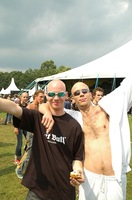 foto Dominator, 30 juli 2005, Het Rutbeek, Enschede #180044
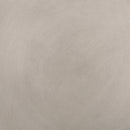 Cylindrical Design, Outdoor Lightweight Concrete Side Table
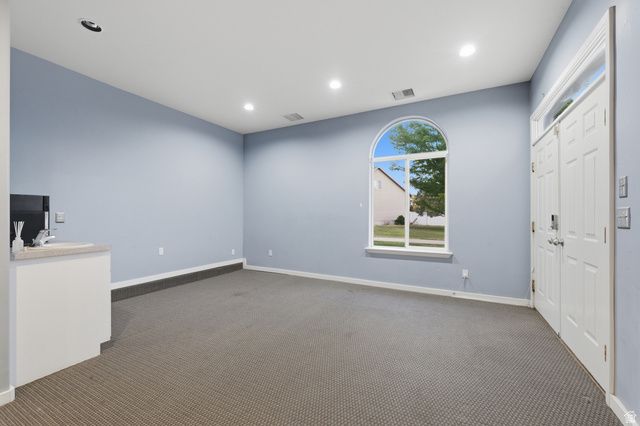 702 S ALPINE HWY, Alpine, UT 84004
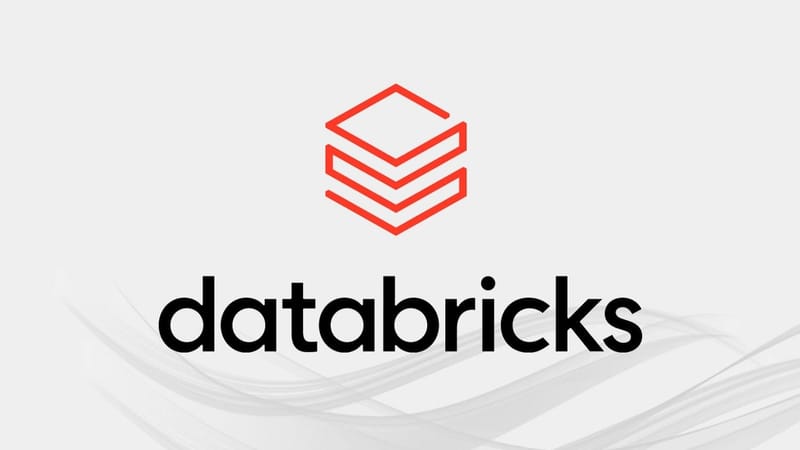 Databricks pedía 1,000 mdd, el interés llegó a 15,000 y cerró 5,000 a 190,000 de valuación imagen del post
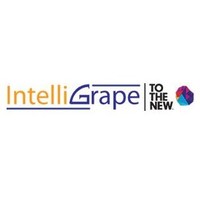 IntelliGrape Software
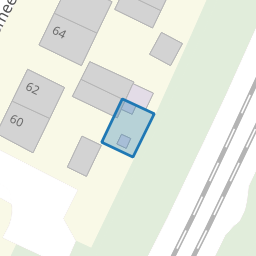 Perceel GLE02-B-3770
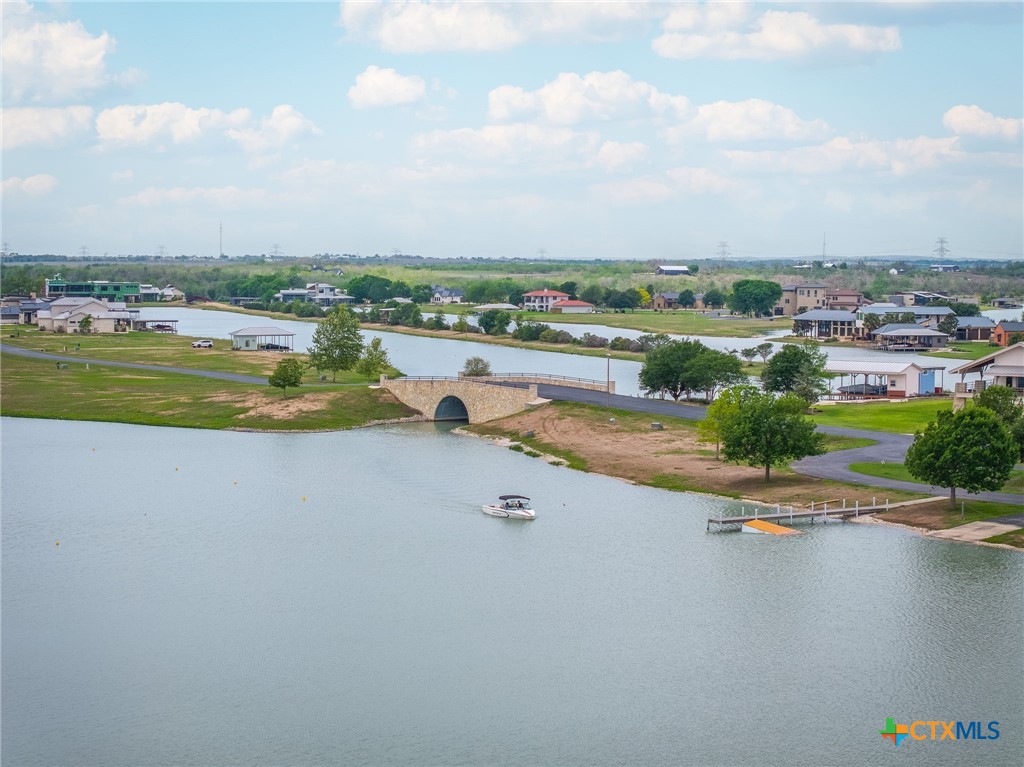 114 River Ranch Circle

◇ ◇ ◇ ◇ ◇

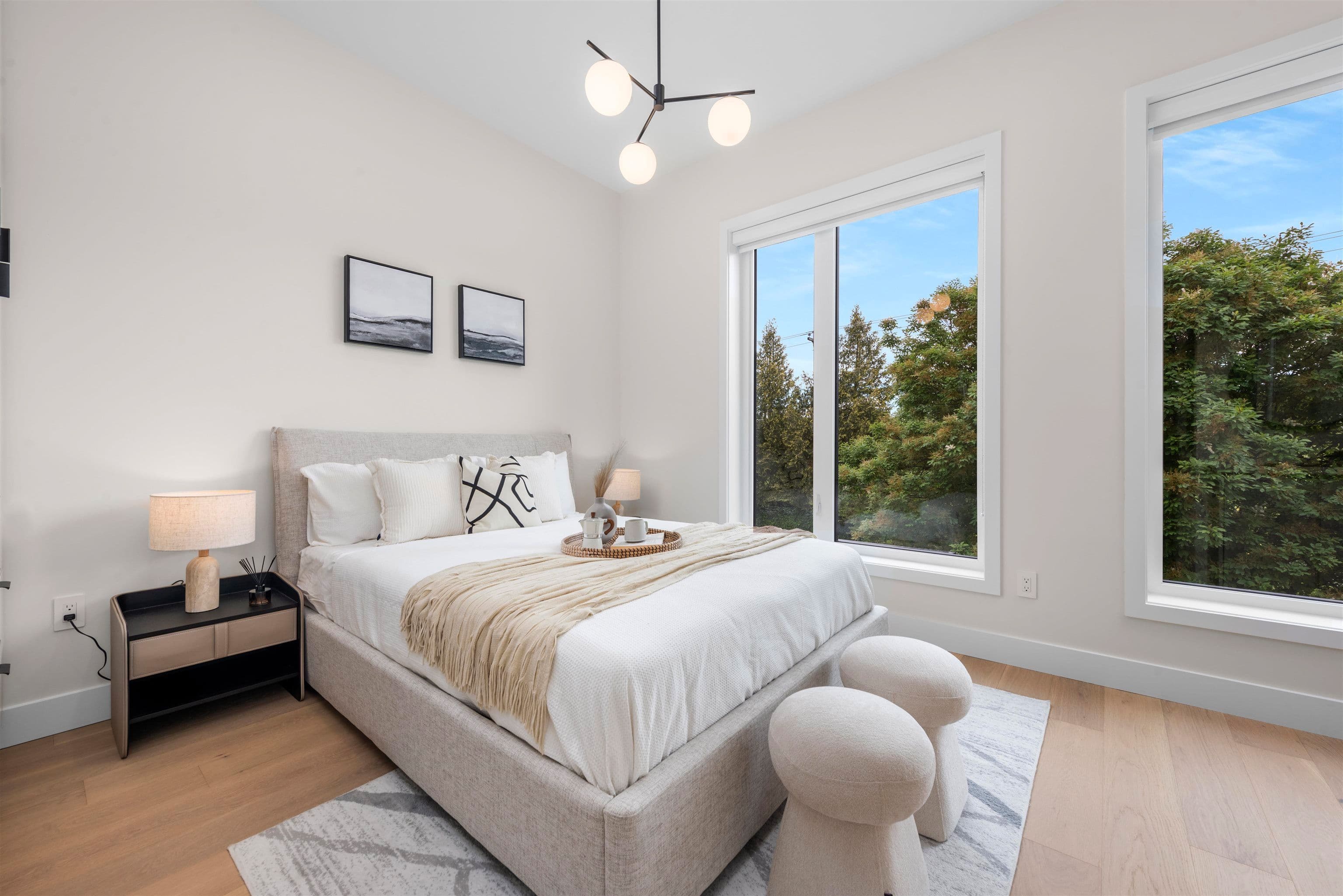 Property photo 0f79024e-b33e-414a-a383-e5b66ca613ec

◇ ◇ ◇ ◇ ◇

Exercise
In the records above, everything from the line with "IntelliGrape Software" down to the line with "114 River Ranch Circle" must be duplicated exactly, both lines kept. Leave no pictures in.

Written answer
 IntelliGrape Software
 Perceel GLE02-B-3770
 114 River Ranch Circle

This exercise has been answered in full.